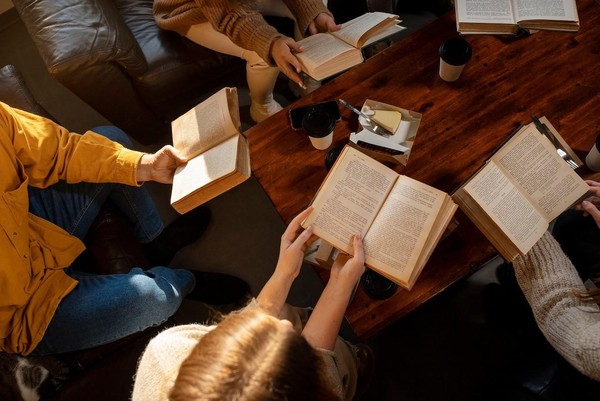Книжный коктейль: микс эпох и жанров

...

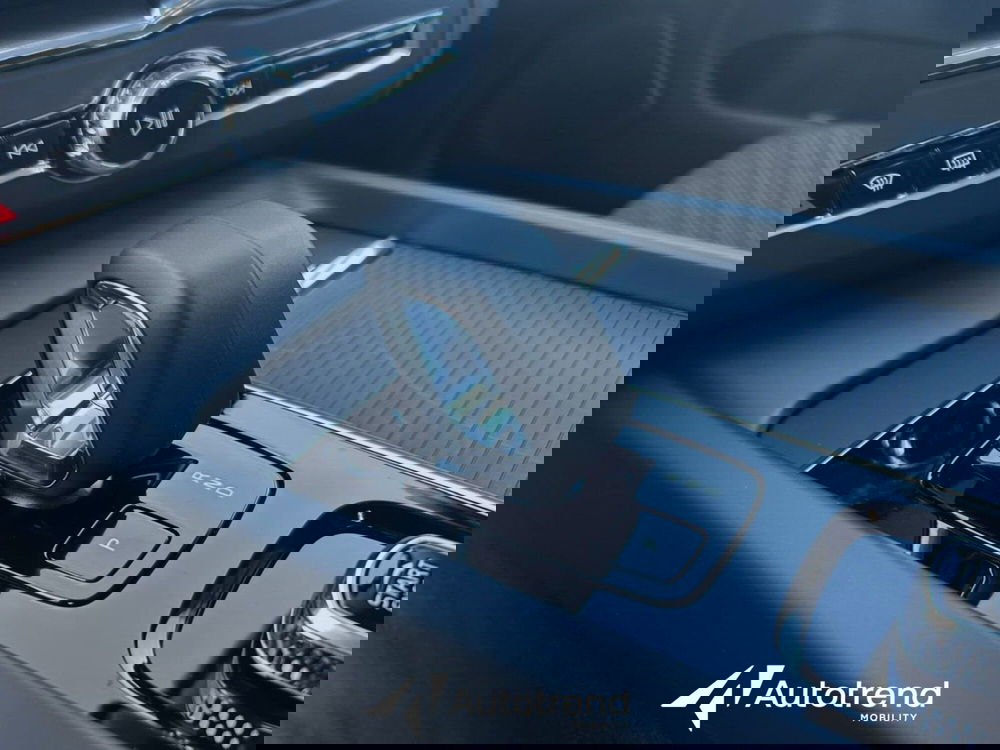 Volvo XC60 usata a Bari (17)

==

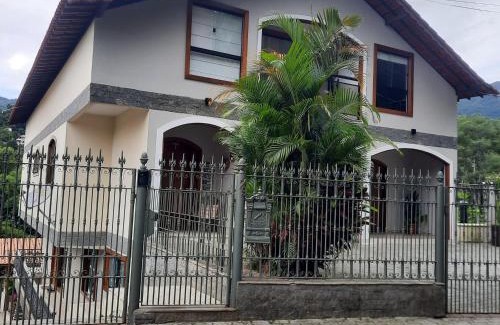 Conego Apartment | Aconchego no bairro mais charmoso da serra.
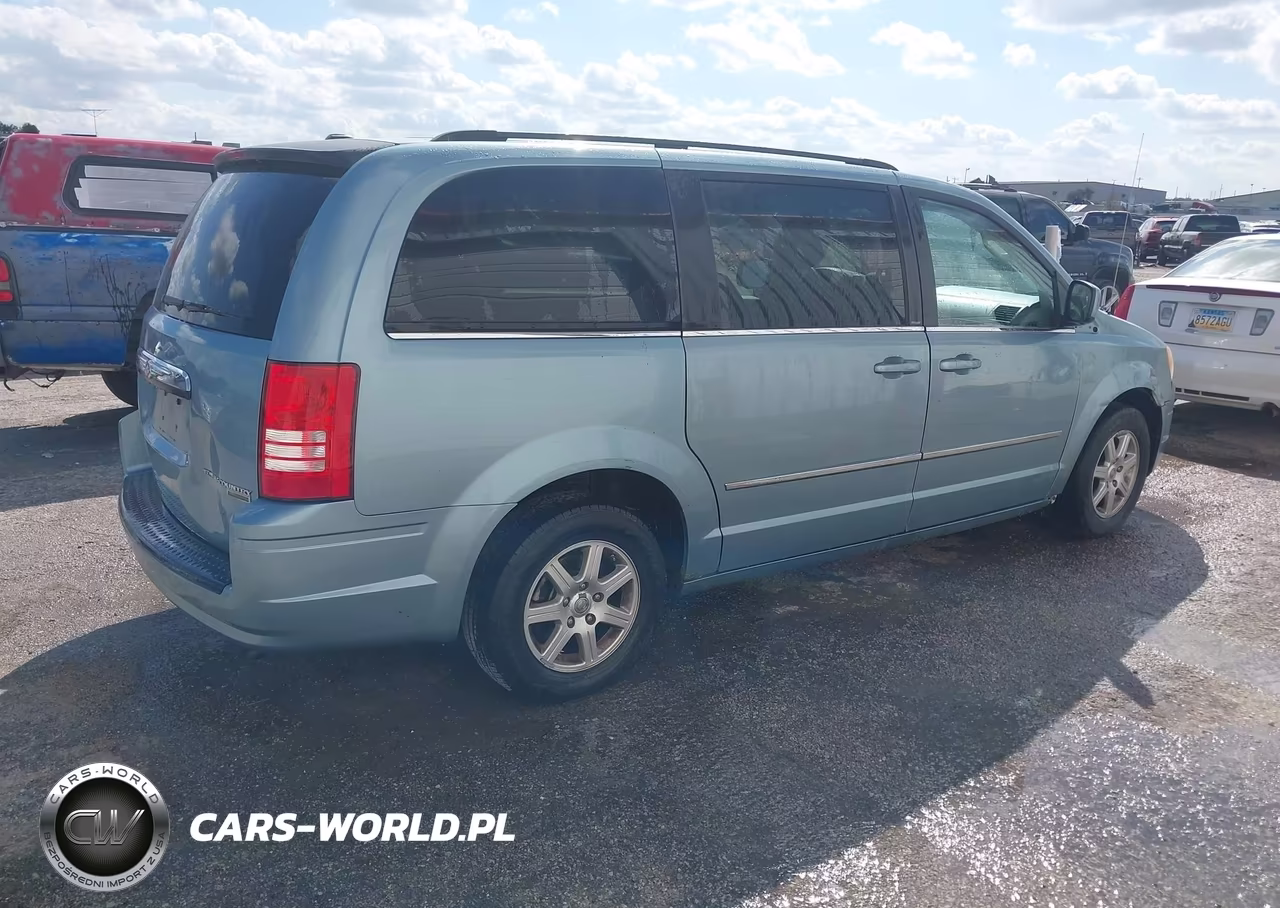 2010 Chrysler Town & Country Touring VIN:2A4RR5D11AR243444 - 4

* _Exercise brief_
From the material above, give again exactly the lines from the one that contains "Conego Apartment |" through the one that contains "2010 Chrysler Town", and leave out the pictures.

* _Solution_
 Conego Apartment | Aconchego no bairro mais charmoso da serra.
 2010 Chrysler Town & Country Touring VIN:2A4RR5D11AR243444 - 4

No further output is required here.